> _TRY IT_
Please set down the data again exactly, minus the pictures.
● ● ● ● ● ● ●
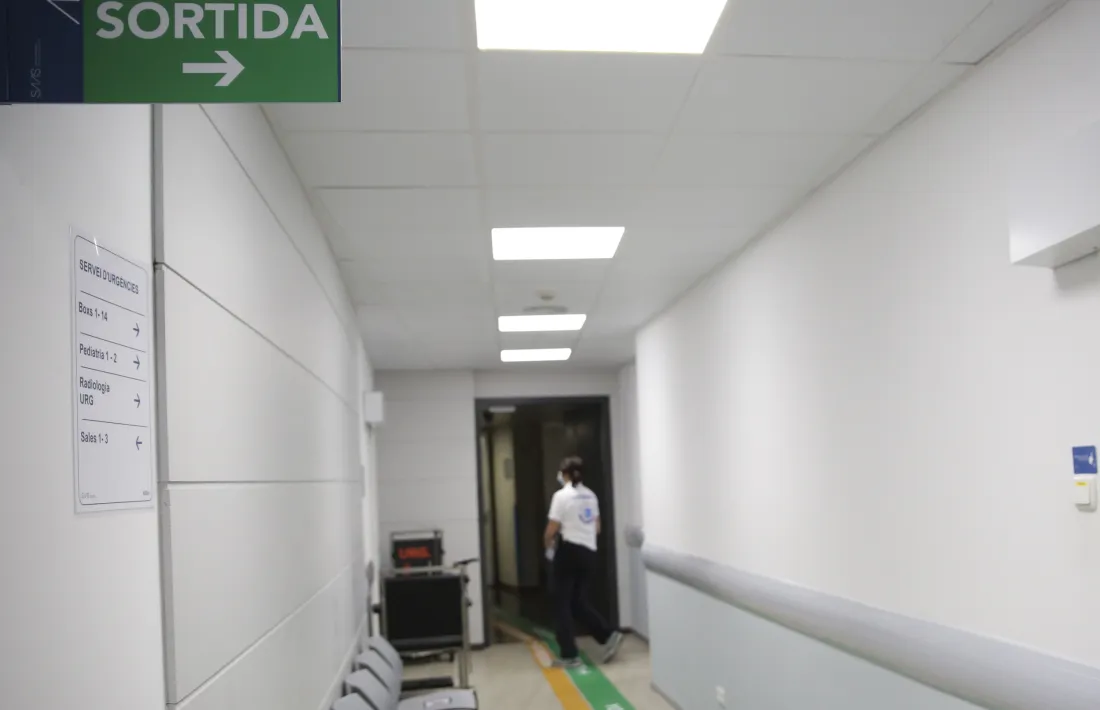 Durant la temporada d’hivern sempre augmenten les visites a urgències.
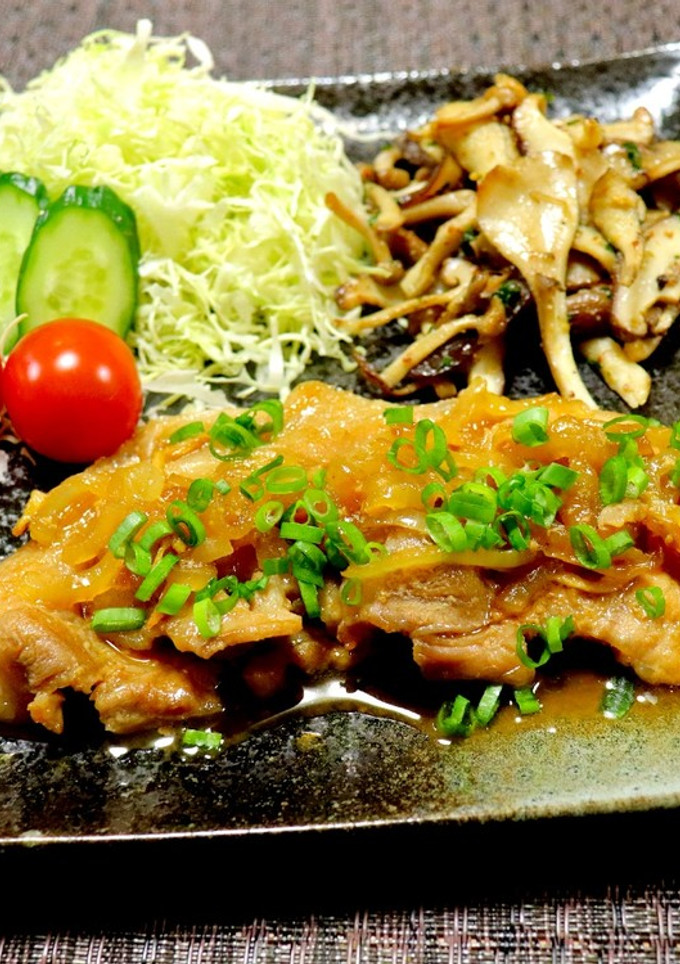 豚ロース★酢しょうが焼き-レシピのメイン写真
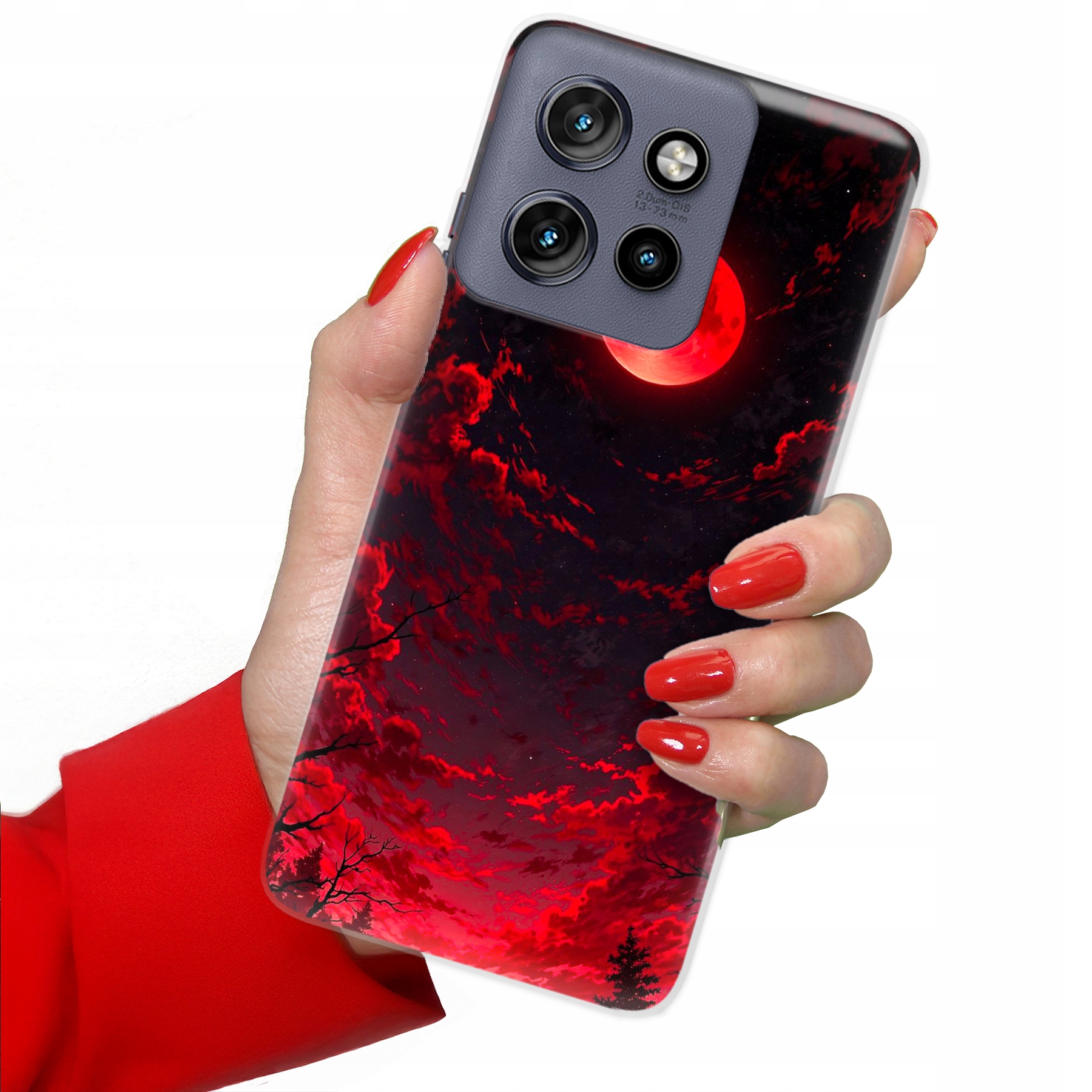 Pouzdro pro Motorola Edge 50 Neo Ochranné, Odolné, Pevné, Pevné, Evil vzory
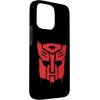 imageiPhone 16 Transformers Red Drip Autobot Big Face CaseiPhone 15 Pro Max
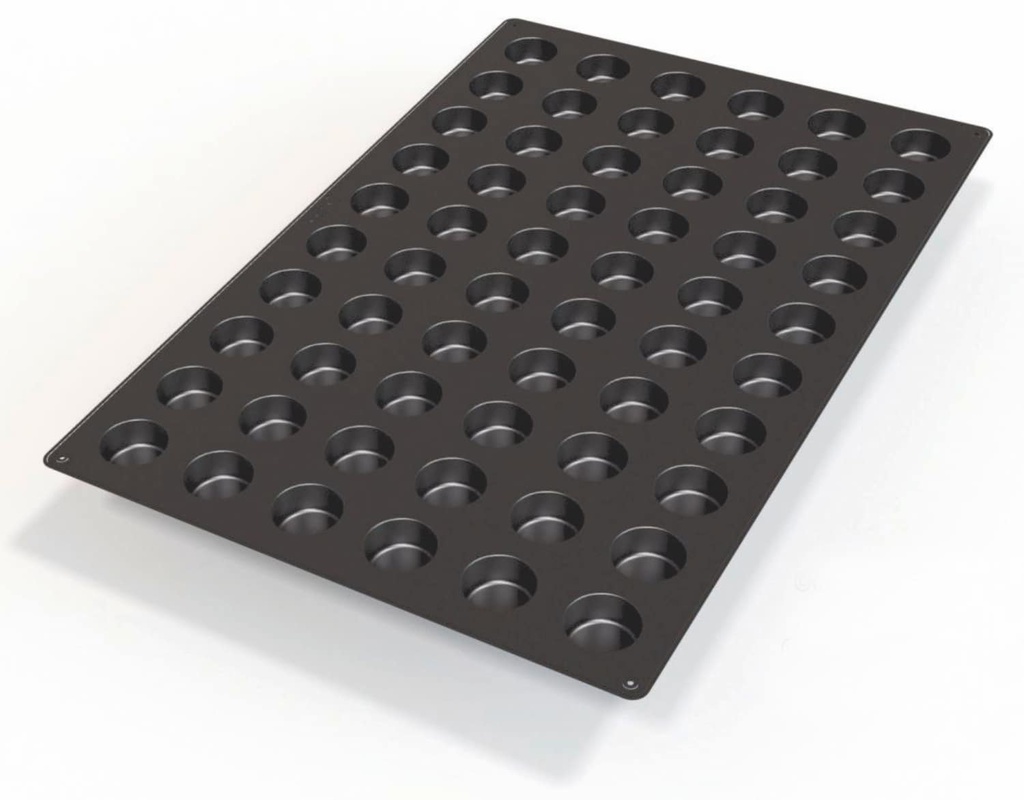 [SW10163] Profi Silikon-Backform "Mini-Muffin" 600x400mm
● ● ● ● ● ● ●
> _SOLUTION TO THE EXERCISE_
 Durant la temporada d’hivern sempre augmenten les visites a urgències.
 豚ロース★酢しょうが焼き-レシピのメイン写真
 Pouzdro pro Motorola Edge 50 Neo Ochranné, Odolné, Pevné, Pevné, Evil vzory
 imageiPhone 16 Transformers Red Drip Autobot Big Face CaseiPhone 15 Pro Max
 [SW10163] Profi Silikon-Backform "Mini-Muffin" 600x400mm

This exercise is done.